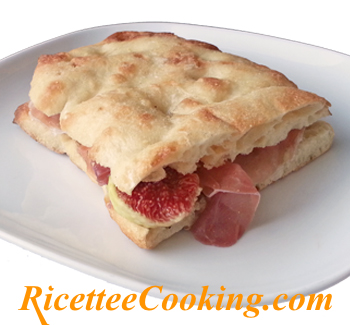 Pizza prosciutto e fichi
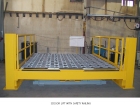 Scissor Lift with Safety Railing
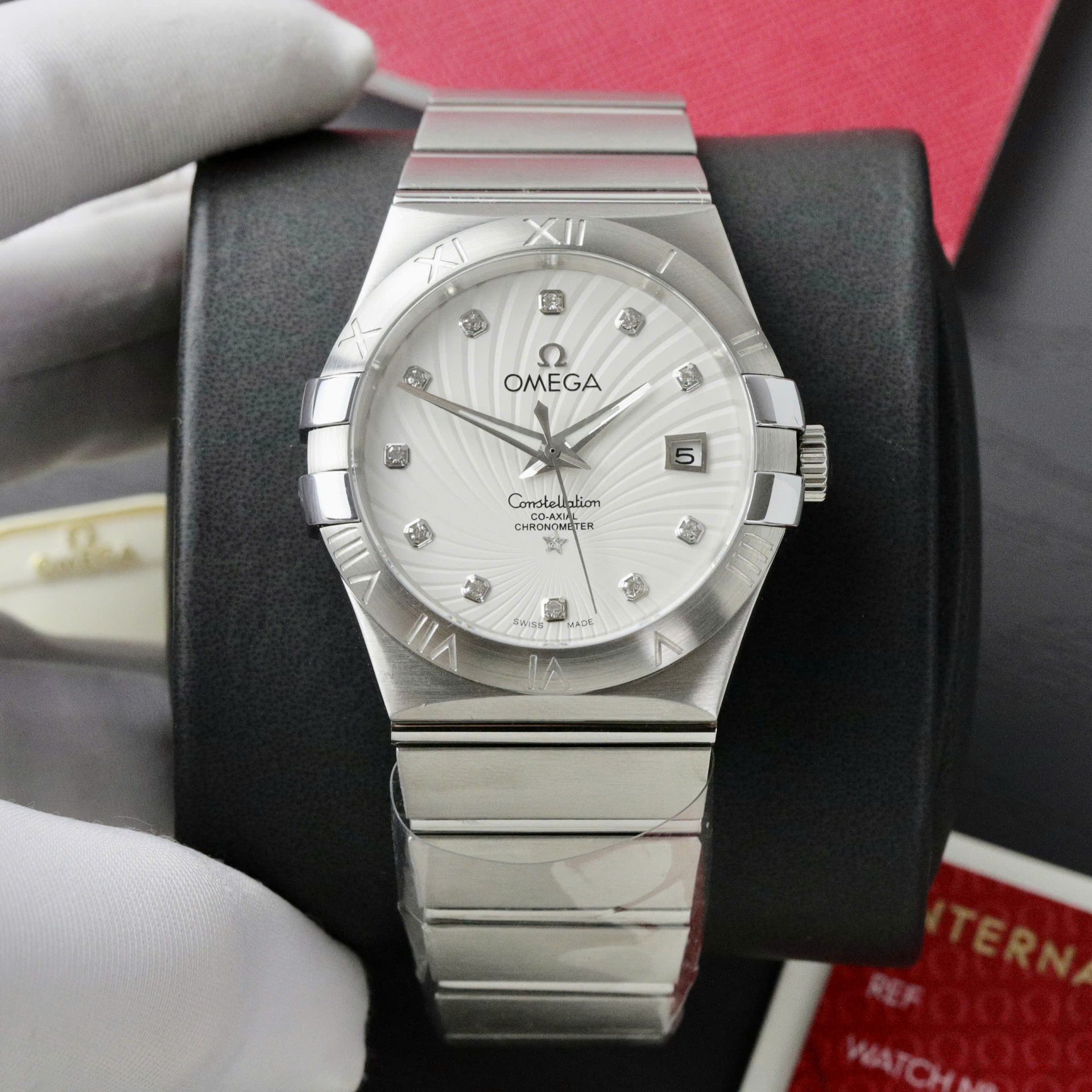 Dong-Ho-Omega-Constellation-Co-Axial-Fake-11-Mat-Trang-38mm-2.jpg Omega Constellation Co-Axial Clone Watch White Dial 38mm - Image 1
________________________________________
_About this task_
Drop the pictures and give every line above again exactly.

_Your response_
 Pizza prosciutto e fichi
 Scissor Lift with Safety Railing
 Dong-Ho-Omega-Constellation-Co-Axial-Fake-11-Mat-Trang-38mm-2.jpg Omega Constellation Co-Axial Clone Watch White Dial 38mm - Image 1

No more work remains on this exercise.